== Extracted information

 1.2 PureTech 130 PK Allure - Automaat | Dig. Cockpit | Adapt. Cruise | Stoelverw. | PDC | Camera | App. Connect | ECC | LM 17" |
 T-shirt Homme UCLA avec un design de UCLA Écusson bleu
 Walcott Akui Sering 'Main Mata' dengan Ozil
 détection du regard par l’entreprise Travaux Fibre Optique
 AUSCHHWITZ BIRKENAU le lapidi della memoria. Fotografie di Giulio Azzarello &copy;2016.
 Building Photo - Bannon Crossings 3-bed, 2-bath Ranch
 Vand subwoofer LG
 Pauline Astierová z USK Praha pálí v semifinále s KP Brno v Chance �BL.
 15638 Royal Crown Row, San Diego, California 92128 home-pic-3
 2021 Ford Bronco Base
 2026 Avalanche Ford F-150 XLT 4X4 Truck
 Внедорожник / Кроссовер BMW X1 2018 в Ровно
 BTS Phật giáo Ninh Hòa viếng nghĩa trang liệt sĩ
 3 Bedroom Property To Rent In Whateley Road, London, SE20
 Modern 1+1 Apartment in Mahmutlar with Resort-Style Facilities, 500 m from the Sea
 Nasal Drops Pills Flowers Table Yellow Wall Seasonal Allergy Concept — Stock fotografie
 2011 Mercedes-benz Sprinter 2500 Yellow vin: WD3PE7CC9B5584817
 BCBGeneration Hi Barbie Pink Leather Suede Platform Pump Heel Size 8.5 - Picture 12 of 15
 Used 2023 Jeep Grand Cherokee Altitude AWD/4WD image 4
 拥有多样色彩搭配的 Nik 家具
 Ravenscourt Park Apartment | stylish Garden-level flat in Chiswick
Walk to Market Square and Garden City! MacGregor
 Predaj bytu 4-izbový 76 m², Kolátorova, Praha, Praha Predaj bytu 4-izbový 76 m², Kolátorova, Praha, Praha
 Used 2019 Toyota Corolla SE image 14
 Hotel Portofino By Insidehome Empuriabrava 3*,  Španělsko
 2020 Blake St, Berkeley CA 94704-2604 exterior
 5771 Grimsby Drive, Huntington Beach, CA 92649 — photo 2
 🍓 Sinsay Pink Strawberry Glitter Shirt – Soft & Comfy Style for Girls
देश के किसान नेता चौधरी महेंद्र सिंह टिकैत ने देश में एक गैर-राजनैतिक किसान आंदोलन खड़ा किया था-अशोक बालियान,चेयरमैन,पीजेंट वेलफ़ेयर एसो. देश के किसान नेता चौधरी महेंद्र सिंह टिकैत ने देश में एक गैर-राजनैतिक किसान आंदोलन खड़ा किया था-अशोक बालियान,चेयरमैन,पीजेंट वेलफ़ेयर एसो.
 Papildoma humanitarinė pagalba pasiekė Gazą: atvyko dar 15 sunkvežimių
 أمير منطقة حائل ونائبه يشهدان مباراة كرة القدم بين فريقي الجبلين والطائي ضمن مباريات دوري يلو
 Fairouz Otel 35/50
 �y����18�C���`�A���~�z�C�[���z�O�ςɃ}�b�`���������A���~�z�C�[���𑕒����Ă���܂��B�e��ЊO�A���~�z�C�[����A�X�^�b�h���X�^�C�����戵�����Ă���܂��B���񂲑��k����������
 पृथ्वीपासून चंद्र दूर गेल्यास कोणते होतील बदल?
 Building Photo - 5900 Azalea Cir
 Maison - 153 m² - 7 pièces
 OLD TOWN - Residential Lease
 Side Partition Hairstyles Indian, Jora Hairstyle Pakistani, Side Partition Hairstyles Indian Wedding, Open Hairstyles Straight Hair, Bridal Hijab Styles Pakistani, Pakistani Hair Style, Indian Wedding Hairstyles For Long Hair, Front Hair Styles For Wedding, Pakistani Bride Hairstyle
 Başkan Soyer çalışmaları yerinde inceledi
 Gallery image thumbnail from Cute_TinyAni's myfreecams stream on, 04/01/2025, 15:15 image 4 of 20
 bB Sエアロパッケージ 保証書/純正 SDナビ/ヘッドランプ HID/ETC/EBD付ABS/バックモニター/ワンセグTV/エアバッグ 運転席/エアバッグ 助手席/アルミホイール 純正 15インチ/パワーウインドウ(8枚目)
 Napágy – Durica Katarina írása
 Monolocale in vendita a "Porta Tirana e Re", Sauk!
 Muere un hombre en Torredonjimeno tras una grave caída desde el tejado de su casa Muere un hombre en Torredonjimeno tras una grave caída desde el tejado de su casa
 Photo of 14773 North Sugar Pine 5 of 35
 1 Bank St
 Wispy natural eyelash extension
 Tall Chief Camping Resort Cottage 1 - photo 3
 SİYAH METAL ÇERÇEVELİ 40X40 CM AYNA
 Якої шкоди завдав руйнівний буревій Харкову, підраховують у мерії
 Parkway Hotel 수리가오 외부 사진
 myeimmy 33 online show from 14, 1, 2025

====

Task brief :: Look above for the line with "T-shirt Homme UCLA"; retype exactly that line, every line after it up to the line with "2011 Mercedes-benz Sprinter", and that line too, nothing else.

Response to this task ::
 T-shirt Homme UCLA avec un design de UCLA Écusson bleu
 Walcott Akui Sering 'Main Mata' dengan Ozil
 détection du regard par l’entreprise Travaux Fibre Optique
 AUSCHHWITZ BIRKENAU le lapidi della memoria. Fotografie di Giulio Azzarello &copy;2016.
 Building Photo - Bannon Crossings 3-bed, 2-bath Ranch
 Vand subwoofer LG
 Pauline Astierová z USK Praha pálí v semifinále s KP Brno v Chance �BL.
 15638 Royal Crown Row, San Diego, California 92128 home-pic-3
 2021 Ford Bronco Base
 2026 Avalanche Ford F-150 XLT 4X4 Truck
 Внедорожник / Кроссовер BMW X1 2018 в Ровно
 BTS Phật giáo Ninh Hòa viếng nghĩa trang liệt sĩ
 3 Bedroom Property To Rent In Whateley Road, London, SE20
 Modern 1+1 Apartment in Mahmutlar with Resort-Style Facilities, 500 m from the Sea
 Nasal Drops Pills Flowers Table Yellow Wall Seasonal Allergy Concept — Stock fotografie
 2011 Mercedes-benz Sprinter 2500 Yellow vin: WD3PE7CC9B5584817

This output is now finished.